Studium

Folgende Studienprogramme der Universidad Azteca und ihrer Partneruniversitäten werden in Österreich gemäß § 27 HS-QSG angeboten:


Betriebswirtschaft

Bachelor, Master, Doktor

Psychologie und Coaching

Master, Doktor

Bildungswissenschaften

Master, Doktor

Gesundheits- und Pflegewissenschaften

Bachelor, Master, Doktor

Professionelle Studien

Master, Doktor

Höhere Studien

Master, Doktor

Individuelle Studien

Master, Doktor

Umweltwissenschaftliche Studien

Doktor

Hochschul-Qualitätssicherungsgesetz

LEGAL INFORMATION §27(7) HS-QSG

Mit der Entscheidung über die Meldung der Studien ist keine Feststellung der Gleichwertigkeit mit österreichischen Studien und entsprechenden österreichischen akademischen Graden verbunden. Die Studien und akademischen Grade gelten als solche des Herkunfts- bzw. Sitzstaates der Bildungseinrichtung. Ausländische Bildungseinrichtungen sind verpflichtet, im Rahmen ihrer Marktkommunikation und ihres Außenauftrittes in Österreich auf diesen Umstand in schriftlicher und optisch hervorgehobener Form hinzuweisen. (HS-QSG Novelle 2018) 

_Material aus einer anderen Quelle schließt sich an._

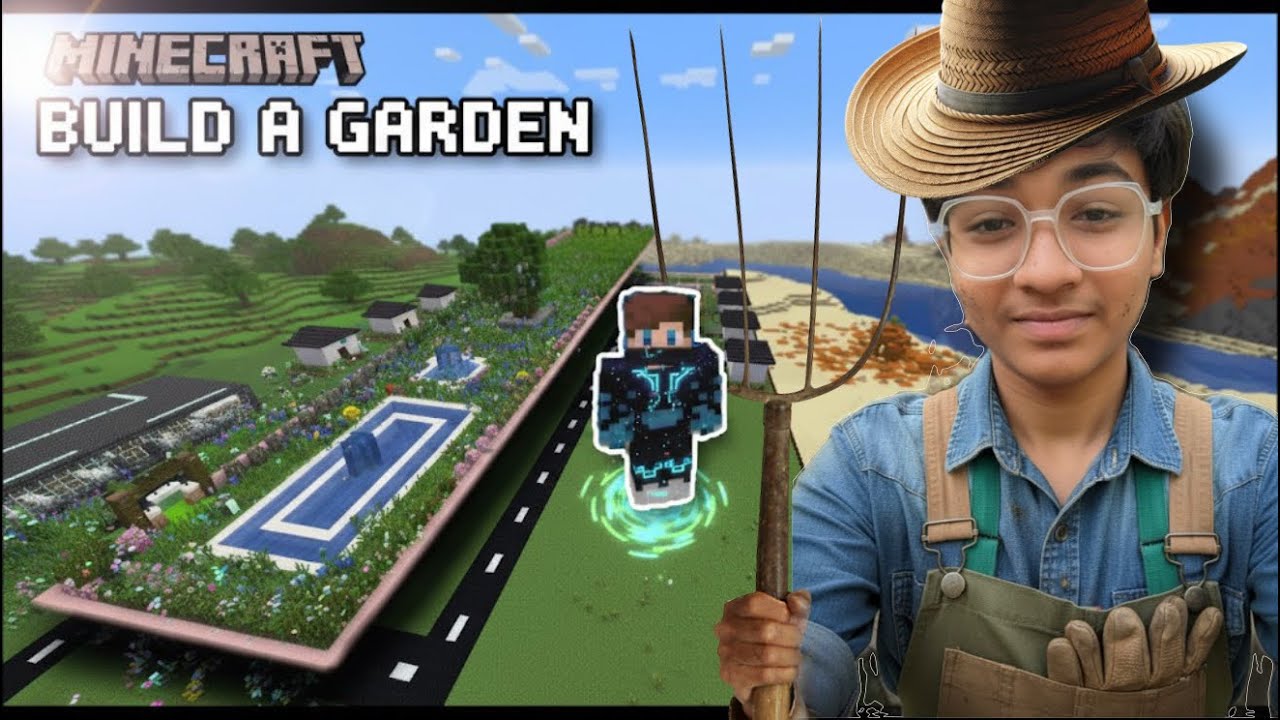 Build A Beautiful Garden In Our World | Minecraft | - YouTube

Studien ausländischer Bildungseinrichtungen (Novelle 2018)



§ 27.

  1. Studien ausländischer Bildungseinrichtungen in Österreich, die
    1. in ihrem Herkunfts- bzw. Sitzstaat als postsekundär im Sinne des § 51 Abs. 2 Z 1 UG anerkannt sind und
    2. mit österreichischen Studien und akademischen Graden vergleichbar sind, sind vor Aufnahme des Studienbetriebs einem Meldeverfahren zu unterziehen.
  2. Das Anbieten von Studien, welche mit österreichischen Studien nicht vergleichbar sind, ist unzulässig. Bildungseinrichtungen, die in ihrem jeweiligen Herkunfts- bzw. Sitzstaat nicht als postsekundär im Sinne des § 51 Abs. 2 Z 1 UG anerkannt sind, dürfen Studien in Österreich nicht anbieten.
  3. Meldestelle ist die Agentur für Qualitätssicherung und Akkreditierung Austria. Auf das Verfahren sind das AVG und das Zustellgesetz anzuwenden. § 20 Abs. 1, § 25 Abs. 3 erster und zweiter Satz sowie § 25 Abs. 6 gelten sinngemäß.
  4. Die Entscheidung über die Meldung ist auf längstens sechs Jahre zu befristen und kann mit Auflagen versehen werden.
  5. Ist das Meldeverfahren positiv entschieden, dürfen die Bildungseinrichtungen den Studienbetrieb in Österreich aufnehmen und durchführen.
  6. Die Meldestelle hat ein Verzeichnis der Meldeverfahren zu führen, auf dem neuesten Stand zu halten und zu veröffentlichen. Das Verzeichnis hat jedenfalls Informationen zur Bildungseinrichtung, den Studien und den Ergebnissen des Meldeverfahrens zu umfassen. Die Bundesministerin oder der Bundesminister ist darüber regelmäßig zu informieren.
  7. Mit der Entscheidung über die Meldung der Studien ist keine Feststellung der Gleichwertigkeit mit österreichischen Studien und entsprechenden österreichischen akademischen Graden verbunden. Die Studien und akademischen Grade gelten als solche des Herkunfts- bzw. Sitzstaates der Bildungseinrichtung. Ausländische Bildungseinrichtungen sind verpflichtet, im Rahmen ihrer Marktkommunikation und ihres Außenauftrittes in Österreich auf diesen Umstand in schriftlicher und optisch hervorgehobener Form hinzuweisen. (...)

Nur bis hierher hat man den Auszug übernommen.